This is my second month working on Debian LTS, started by Raphael Hertzog at Freexian. I think this month has been a little better for me, as I was able to push two "DLA" (Debian LTS Advisories, similar to regular DSAs (Debian Security Advisories) but only applying to LTS releases).

phpMyAdmin and Prosody

I pushed DLAs for phpmyadmin (DLA-406-1) and [prosody (CVE-2016-0756)][]. Both were pretty trivial, but I still had to boot a squeeze VM to test the resulting packages, something that was harder than expected. Still the packages were accepted in squeeze-lts and should work fine.

icu and JDK vulnerabilities

I also spent a good amount of time trying to untangle the mess that java software has become, and in particular the icu vulnerabilities, CVE-2015-4844 and CVE-2016-0494. I ended up being able to backport patches and build packages, not without a significant amount of pain because of how upstream failed to clearly identify which patches did what.

The fact that they (Oracle) did not notify their own upstream (icu) is also a really questionable practice in the free software world, which doesn't come as a surprise coming from Oracle anymore, unfortunately. Even worse, CVE-2016-0494 was actually introduced as part of the fix for CVE-2015-4844. I am not even sure the patches provided actually fix the problem because of course Oracle didn't clearly state what the problem was or how to exploit it.

Still: I did the best I could under the circumstances and built packages which I shared with the debian-lts list in the hope others could test it. I am not much familiar with the icu package or even Java anymore, so I do not feel comfortable uploading those fixes directly right now, especially since I just trust whatever was said on the Redhat and icu bugtrackers. Hopefully someone else can pick this up and confirm I had the right approach.

OpenSSH vulnerabilities

I also worked on CVE-2016-1908 a fairly awkward vulnerability in OpenSSH involving bypassing a security check in the X server that forbids certain clients from looking at keystrokes, selections and more stuff from other clients. The problem is pretty well described in this article. It is, basically, that there are two ways for applications to talk to the X server: "trusted" and "untrusted". If an application is "trusted", they can do all sorts of stuff like manipulate the clipboard, send keystrokes to other applications, sniff keystrokes and so on. This seems fine if you are running local apps (a good example is xdotool to test this) but can be pretty bad once X forwarding comes in play in SSH because then the remote server can use your X credentials to run arbitrary X code in your local X server. In other words, once you forward X, you trust the remote server as being local, more or less.
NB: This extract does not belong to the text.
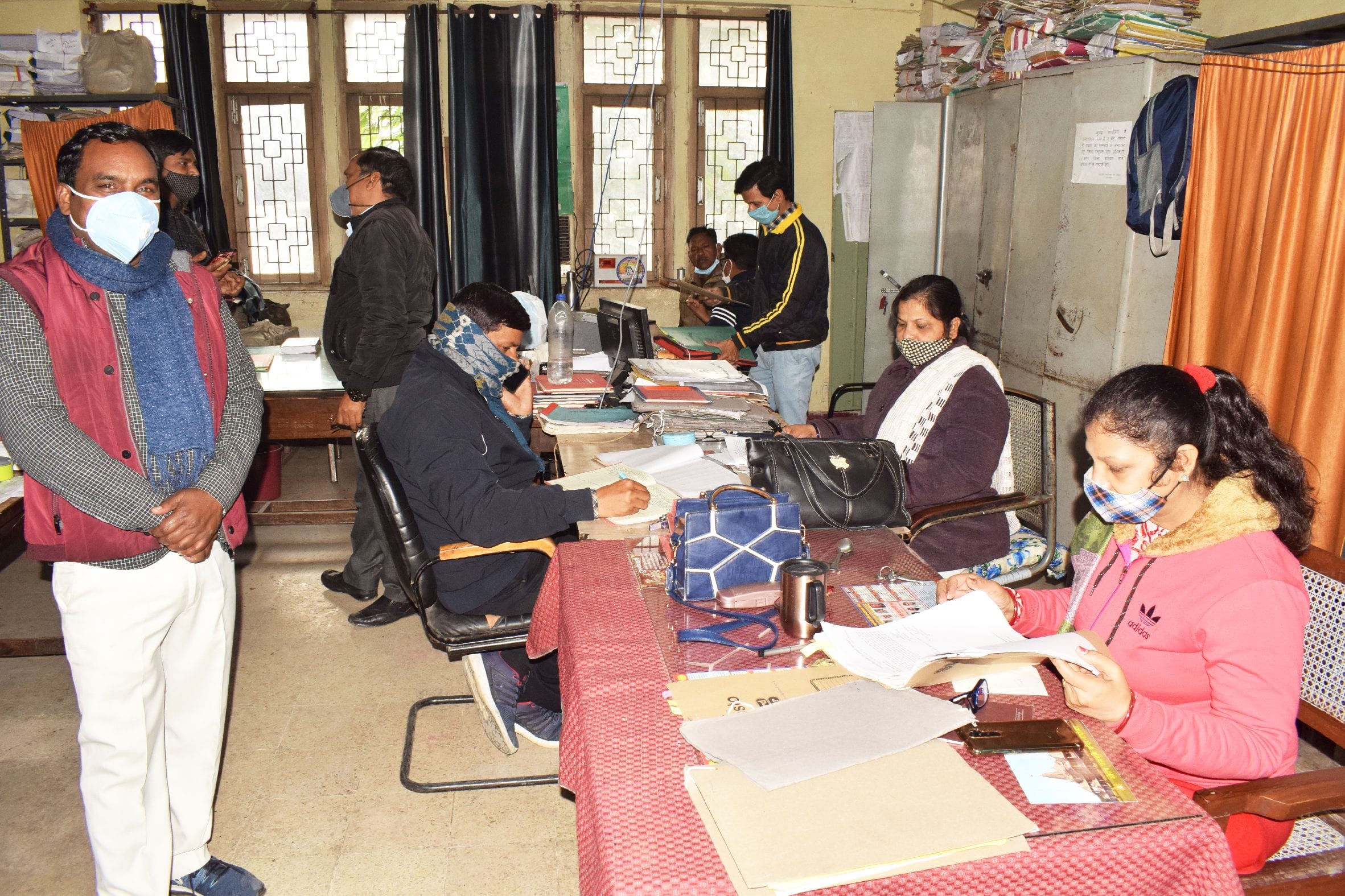 ाहजहांपुर के विकास भवन परिसर स्थित जिला पंचायत राज अधिकारी कार्यालय में कार्यरत कर्मचारी। संवा? ाहजहांपुर के विकास भवन परिसर स्थित जिला पंचायत राज अधिकारी कार्यालय में कार्यरत कर्मचारी। संवा?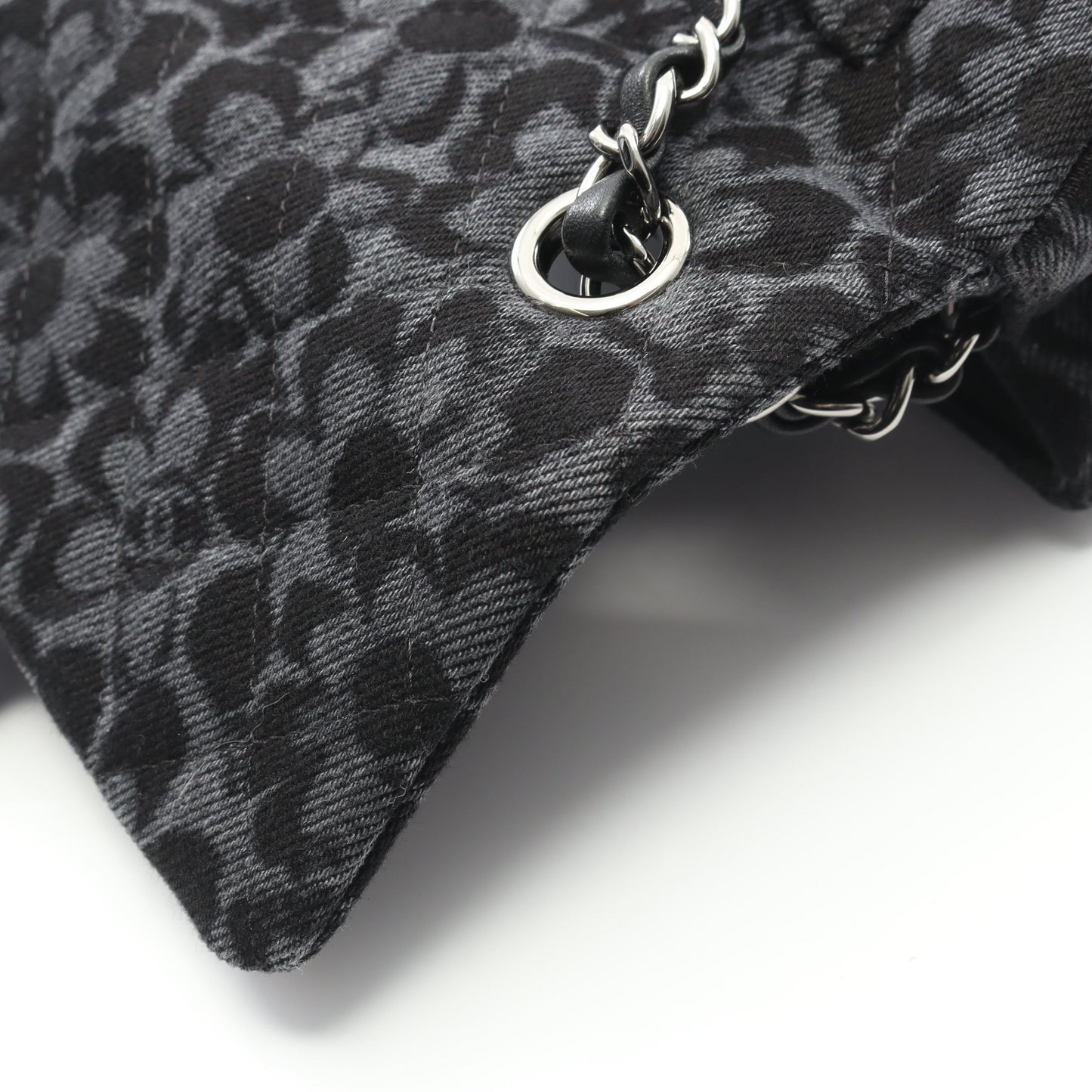 ミニマトラッセ20 チェーンショルダーバッグ デニム ダークグレー ブラック シルバー金具 シャネル バッグ CHANEL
This is why OpenSSH 3.8 introduced the distinction between -X (untrusted) and -Y (trusted). Unfortunately, after quite a bit of research and work to reproduce the issue (i could not not reproduce the issue!), I realized that Debian has, even since 3.8 has been released (around the "sarge" days!) forcibly defaulted ForwardX11Trusted to yes which makes -X and -Y behave the same way. I described all of this in a post to the LTS list and OpenSSH maintainers and it seems there were good reasons for this back then (-X actually breaks a lot of X clients, for example selecting text will crash xterm), but I still don't quite see why we shouldn't tell people to use -Y consciously if they need to, instead of defaulting to the nasty insecure behavior.

Anyways, this will probably end up being swept under the rug for usability reasons, but just keep in mind that -X can be pretty nasty if you run it against an untrusted server.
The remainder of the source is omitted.